## About this task:
Exact wording is needed for every line from the one holding "12705 EATON Circle, Leawood, KS 66209" to the end of the records below; write those lines out and omit the pictures.

Top of Supplied records

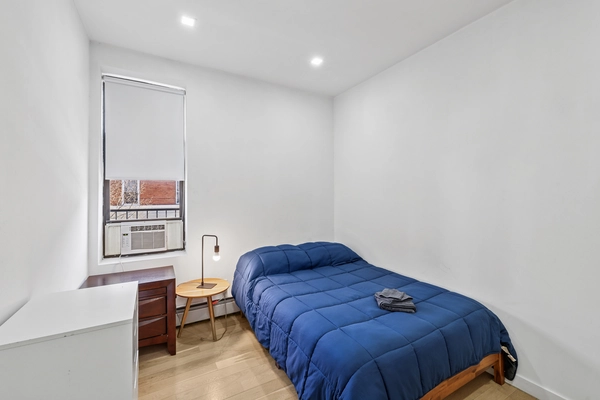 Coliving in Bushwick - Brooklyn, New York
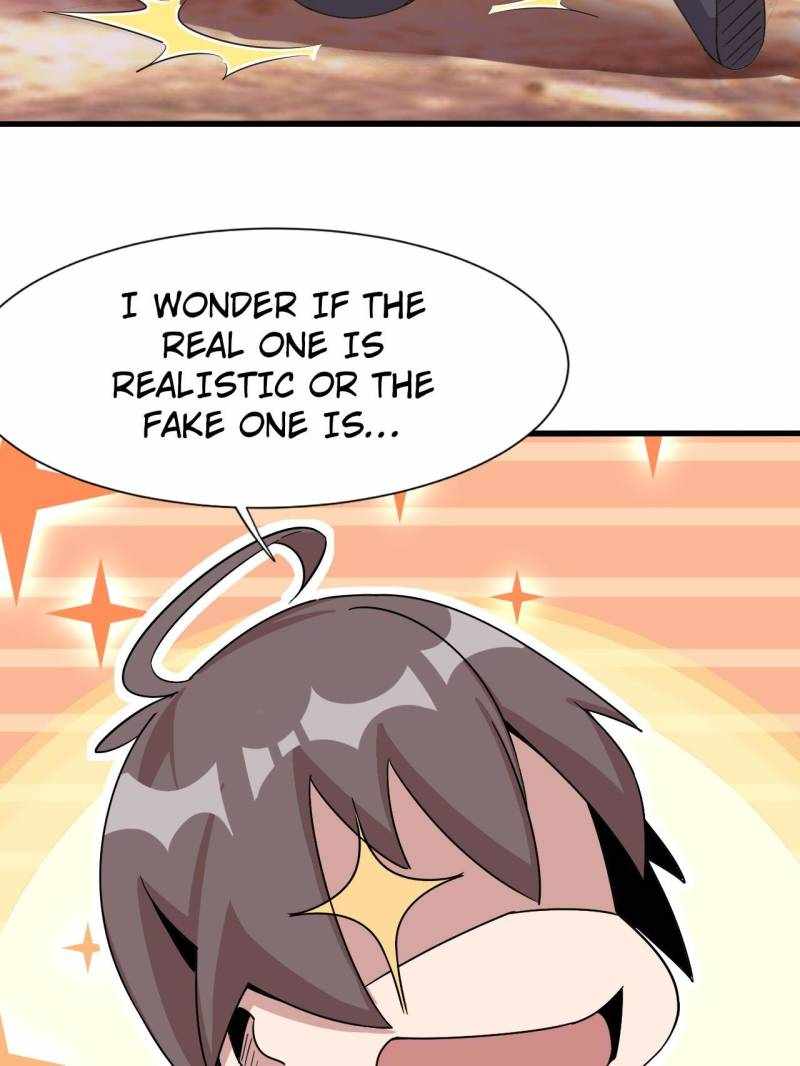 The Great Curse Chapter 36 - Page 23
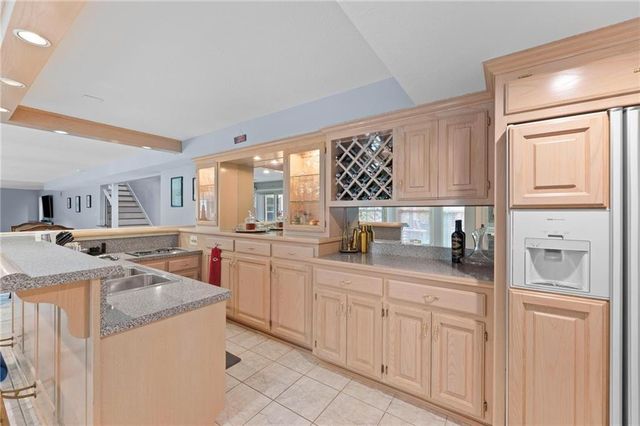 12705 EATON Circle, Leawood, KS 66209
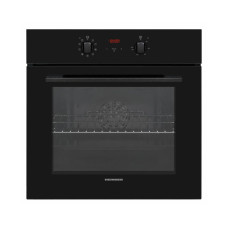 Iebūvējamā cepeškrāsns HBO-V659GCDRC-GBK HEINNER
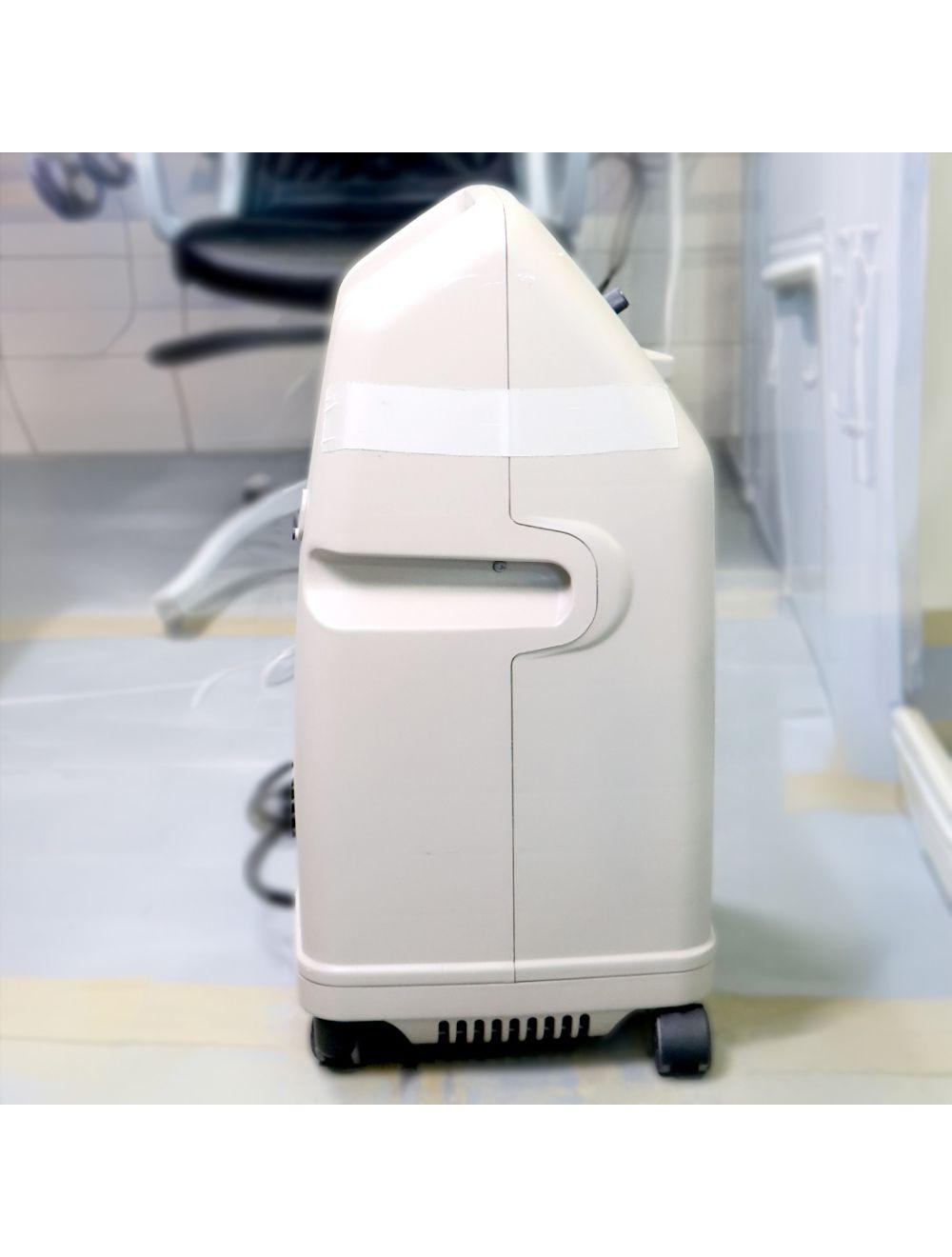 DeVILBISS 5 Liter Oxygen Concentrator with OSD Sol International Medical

Bottom of Supplied records

## Response box:
 12705 EATON Circle, Leawood, KS 66209
 Iebūvējamā cepeškrāsns HBO-V659GCDRC-GBK HEINNER
 DeVILBISS 5 Liter Oxygen Concentrator with OSD Sol International Medical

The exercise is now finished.